I was interested to see that Malorie Blackman’s poem, set in the future, echoed the ideas that she mentioned in the interview in November. And I can’t help but mention the story by Sarah Mussi, about the boy scout from Ghana who accidentally stole the Crown Jewels. Your Crown Jewels. That story belongs in my Aspie list, whether or not the adorable Prometheus Prempeh has AS.

Read!

The Robber Baron’s Daughter

I loved Coram Boy by Jamila Gavin, even though there was much that was evil in the story. The Robber Baron’s Daughter is the next of Jamila’s books for older children. Can’t quite decide what age it’s for, though, as the “fairy tale princess” part is more childish, and the “illegal people trafficking” part of necessity is older.

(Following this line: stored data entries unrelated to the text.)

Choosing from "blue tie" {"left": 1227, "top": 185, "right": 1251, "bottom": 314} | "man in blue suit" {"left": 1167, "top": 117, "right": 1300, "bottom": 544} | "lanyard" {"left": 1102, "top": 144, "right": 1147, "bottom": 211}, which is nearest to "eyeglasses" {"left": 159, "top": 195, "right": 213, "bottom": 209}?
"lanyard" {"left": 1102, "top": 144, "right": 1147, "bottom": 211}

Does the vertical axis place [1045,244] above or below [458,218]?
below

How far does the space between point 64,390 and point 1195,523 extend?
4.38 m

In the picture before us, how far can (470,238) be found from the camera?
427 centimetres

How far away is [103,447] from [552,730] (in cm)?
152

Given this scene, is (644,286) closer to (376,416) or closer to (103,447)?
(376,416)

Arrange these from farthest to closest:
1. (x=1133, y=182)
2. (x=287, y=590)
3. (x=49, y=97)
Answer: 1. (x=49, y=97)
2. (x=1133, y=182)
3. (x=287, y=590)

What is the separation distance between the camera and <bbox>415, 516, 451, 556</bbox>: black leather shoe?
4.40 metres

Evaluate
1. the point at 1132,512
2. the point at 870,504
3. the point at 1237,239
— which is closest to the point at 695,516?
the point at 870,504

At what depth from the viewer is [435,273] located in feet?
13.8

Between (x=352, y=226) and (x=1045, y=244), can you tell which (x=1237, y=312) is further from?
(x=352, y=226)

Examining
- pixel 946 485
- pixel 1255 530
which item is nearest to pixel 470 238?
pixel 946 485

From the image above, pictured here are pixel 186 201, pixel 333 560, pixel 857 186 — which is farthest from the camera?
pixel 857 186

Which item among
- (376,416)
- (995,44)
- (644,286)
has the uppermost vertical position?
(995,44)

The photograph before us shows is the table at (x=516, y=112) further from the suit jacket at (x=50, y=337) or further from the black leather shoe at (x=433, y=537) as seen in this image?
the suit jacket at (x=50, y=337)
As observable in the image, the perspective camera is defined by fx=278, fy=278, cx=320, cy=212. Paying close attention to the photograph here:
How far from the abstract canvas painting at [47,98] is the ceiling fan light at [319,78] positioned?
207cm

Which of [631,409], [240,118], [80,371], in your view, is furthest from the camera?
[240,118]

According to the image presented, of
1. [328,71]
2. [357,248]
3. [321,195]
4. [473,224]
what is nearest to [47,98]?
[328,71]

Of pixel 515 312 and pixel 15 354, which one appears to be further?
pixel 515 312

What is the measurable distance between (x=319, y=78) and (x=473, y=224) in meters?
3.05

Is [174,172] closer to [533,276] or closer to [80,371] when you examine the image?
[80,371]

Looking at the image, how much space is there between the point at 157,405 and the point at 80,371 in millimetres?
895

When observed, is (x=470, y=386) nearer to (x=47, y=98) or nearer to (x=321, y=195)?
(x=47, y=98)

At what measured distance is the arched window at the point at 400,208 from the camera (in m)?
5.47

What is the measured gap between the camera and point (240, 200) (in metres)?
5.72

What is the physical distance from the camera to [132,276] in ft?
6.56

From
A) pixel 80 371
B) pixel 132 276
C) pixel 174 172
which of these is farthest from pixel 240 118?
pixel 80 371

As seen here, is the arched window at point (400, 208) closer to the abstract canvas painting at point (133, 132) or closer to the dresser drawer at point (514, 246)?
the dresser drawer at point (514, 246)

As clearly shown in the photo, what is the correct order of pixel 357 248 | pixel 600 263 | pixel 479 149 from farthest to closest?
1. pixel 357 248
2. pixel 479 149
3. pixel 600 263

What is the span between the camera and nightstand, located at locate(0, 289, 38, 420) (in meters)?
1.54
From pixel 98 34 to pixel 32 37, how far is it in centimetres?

The Robber Baron's Daughter

Nettie is twelve and lives a life of unimaginable luxury with her parents in London. Slowly, very slowly, she begins to understand that all is not well in her family and in their home. I’d like to say that she makes friends with Benny, the boy from the other side (not a ghost; just a servant’s child), except I don’t feel she really does. Nettie loves the ballet, and learns to dance from her great aunt, a former ballerina. Benny, on the other hand, does all the legwork trying to find Nettie’s tutor Miss Kovachev, who has vanished without a trace.

Jamila does a good, if shocking, job of showing how illegal immigrants turn up here, and why. There is an uneasy difference between the wealth of Nettie’s family, and the lives of Miss Kovachev, Benny and Nettie’s friend from school, Raisa. It’s almost too much to take in; the fairy tale and the awful reality.